De Commissie stelt vast dat het niet nodig is de zaak mondeling te behandelen. De zaak kan daarom op grond van de stukken worden beslist.

 

  • Feiten

 

De Commissie gaat uit van de volgende feiten.

      1. Consument heeft met haar toenmalige partner in 2005 via een rechtsvoorganger van Adviseur hypotheekadvies verkregen. Op basis van dat advies heeft Consument een aflossingsvrije geldlening van € 69.050,- en een levenhypotheek van € 84.450,- afgesloten bij Geldverstrekker. Daarbij is een levensverzekering tot stand gekomen bij Zwitserleven. De hypotheekakte is gepasseerd op 27 maart 2006.
      2. Consument is op enig moment gescheiden van haar ex-partner. Op 31 oktober 2008 is een echtscheidingsconvenant opgemaakt, waarin aan Consument de woning is toebedeeld.
      3. Geldverstrekker heeft op 18 februari 2015 aan Consument een brief gestuurd in verband met het ingaan van het laatste jaar van de rentevastperiode. Die brief bevat de passage dat een eenmaal gemaakte keuze onherroepelijk is. Consument heeft op 22 mei 2015 het ondertekende formulier ingezonden en gekozen voor een rentevastperiode van 10 jaar.
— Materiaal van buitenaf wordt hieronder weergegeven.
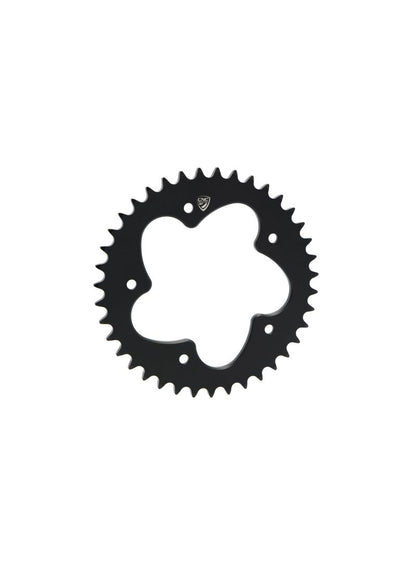 Sprocket Z40 P525 5 trous ducati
Zodoende is per 1 maart 2016 de rente opnieuw voor 10 jaar vastgezet.
      4. Consument heeft Geldverstrekker op 15 maart 2016 per brief verzocht haar ex-partner uit de hoofdelijke aansprakelijkheid te ontslaan. Zij heeft aangegeven dat zij de woning op haar naam wil zetten om uitvoering aan het echtscheidingsconvenant te geven. Geld-verstrekker heeft Consument daarvoor per brief van 17 maart 2016 verwezen naar de hypotheekadviseur.
      5. Consument heeft vervolgens op 14 november 2016 een klacht ingediend tegen Geldverstrekker vanwege de inhoud van de brief van 17 maart 2016. In haar klachtuiting heeft zij verzocht haar hypotheek boetevrij te mogen oversluiten naar een andere geldverstrekker.
      6. Vervolgens heeft Consument op 6 februari 2017 haar beklag gedaan over de reactie van Geldverstrekker, die heeft aangegeven dat zij mocht volstaan met een verwijzing naar de Adviseur voor het oversluiten van de geldlening. Zij heeft aangegeven dat zij de kwestie vanaf dat moment aanhangig zou maken bij de Commissie en bij de Autoriteit Financiële Markten (AFM) en dat zij vooruitlopend op het oordeel van de Commissie een opgave wenste van de vergoedingsrente die Geldverstrekker in rekening zou brengen bij oversluiting van de geldlening.
      7. Op 8 maart 2017 heeft Geldverstrekker een voorlopige terugbetaalnota toegezonden aan Consument, waaruit een vergoeding voor vervroegde aflossing van €3.566,61 blijkt.
      8. Consument heeft contact opgenomen met Adviseur en daar op 12 mei 2017 een opdracht tot dienstverlening afgesloten voor een honorarium van € 1.000,-.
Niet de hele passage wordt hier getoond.